_DATA FOR THIS EXERCISE_.

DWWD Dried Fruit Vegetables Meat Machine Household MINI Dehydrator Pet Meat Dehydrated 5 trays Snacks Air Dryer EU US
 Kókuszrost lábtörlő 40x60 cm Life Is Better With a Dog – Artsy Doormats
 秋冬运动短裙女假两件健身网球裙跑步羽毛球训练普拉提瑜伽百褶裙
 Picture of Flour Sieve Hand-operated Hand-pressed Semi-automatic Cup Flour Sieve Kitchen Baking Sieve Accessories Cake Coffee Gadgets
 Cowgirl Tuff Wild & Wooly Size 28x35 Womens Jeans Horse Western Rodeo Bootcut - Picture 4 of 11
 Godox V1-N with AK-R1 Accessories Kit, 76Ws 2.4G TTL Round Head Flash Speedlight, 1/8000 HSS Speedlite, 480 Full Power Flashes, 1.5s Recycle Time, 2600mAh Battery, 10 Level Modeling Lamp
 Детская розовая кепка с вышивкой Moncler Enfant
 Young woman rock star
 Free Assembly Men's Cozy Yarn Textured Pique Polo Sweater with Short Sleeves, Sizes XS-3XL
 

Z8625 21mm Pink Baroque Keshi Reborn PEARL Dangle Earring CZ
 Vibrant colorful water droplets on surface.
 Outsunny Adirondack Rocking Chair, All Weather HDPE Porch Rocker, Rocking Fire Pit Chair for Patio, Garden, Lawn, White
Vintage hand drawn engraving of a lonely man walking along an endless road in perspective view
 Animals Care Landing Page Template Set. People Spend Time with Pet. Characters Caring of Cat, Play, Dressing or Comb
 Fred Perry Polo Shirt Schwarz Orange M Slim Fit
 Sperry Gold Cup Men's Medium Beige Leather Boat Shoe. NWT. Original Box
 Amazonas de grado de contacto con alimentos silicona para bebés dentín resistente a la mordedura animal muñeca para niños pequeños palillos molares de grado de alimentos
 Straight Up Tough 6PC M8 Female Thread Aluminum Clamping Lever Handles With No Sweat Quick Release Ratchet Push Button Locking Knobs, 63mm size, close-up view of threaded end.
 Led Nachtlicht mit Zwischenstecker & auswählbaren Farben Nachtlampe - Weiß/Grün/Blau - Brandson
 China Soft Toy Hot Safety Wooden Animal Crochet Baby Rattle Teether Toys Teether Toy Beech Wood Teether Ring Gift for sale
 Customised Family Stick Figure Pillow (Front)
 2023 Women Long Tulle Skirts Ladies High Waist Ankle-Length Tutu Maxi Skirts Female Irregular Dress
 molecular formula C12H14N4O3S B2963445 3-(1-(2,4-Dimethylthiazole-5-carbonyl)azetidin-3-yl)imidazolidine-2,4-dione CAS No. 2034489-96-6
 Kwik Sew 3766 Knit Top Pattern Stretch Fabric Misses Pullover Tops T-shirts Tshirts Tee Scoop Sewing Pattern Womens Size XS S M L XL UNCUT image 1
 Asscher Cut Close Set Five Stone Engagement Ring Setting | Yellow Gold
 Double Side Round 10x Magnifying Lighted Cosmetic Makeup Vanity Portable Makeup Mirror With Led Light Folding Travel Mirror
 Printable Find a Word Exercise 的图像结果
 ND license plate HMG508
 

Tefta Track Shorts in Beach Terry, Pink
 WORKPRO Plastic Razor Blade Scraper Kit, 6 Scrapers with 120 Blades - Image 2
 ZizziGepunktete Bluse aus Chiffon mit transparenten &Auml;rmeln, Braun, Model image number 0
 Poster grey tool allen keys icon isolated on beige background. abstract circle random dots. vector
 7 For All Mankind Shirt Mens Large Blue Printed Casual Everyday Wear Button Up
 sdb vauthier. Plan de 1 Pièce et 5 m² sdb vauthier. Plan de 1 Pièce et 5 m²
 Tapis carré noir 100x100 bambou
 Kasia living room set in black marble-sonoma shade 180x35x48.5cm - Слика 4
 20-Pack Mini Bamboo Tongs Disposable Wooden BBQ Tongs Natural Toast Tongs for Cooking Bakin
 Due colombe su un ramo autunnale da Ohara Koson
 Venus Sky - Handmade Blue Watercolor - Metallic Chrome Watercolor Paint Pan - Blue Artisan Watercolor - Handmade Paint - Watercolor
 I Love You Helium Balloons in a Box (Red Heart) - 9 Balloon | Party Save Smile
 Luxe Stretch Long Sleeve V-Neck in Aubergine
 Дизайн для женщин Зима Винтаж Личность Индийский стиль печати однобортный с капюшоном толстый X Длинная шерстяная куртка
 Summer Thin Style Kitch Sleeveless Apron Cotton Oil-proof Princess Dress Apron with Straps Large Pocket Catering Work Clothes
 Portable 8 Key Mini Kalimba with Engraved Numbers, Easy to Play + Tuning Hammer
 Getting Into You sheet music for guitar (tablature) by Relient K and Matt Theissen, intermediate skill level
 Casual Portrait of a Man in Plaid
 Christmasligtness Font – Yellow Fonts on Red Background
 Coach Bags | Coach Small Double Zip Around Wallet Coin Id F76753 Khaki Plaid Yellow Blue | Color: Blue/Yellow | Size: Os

_PROBLEM STATEMENT_. Everything from the first line of the records above to the line containing "秋冬运动短裙女假两件健身网球裙跑步羽毛球训练普拉提瑜伽百褶裙", inclusive, should be repeated exactly; leave out the rest.

_EXPECTED ANSWER_.
DWWD Dried Fruit Vegetables Meat Machine Household MINI Dehydrator Pet Meat Dehydrated 5 trays Snacks Air Dryer EU US
 Kókuszrost lábtörlő 40x60 cm Life Is Better With a Dog – Artsy Doormats
 秋冬运动短裙女假两件健身网球裙跑步羽毛球训练普拉提瑜伽百褶裙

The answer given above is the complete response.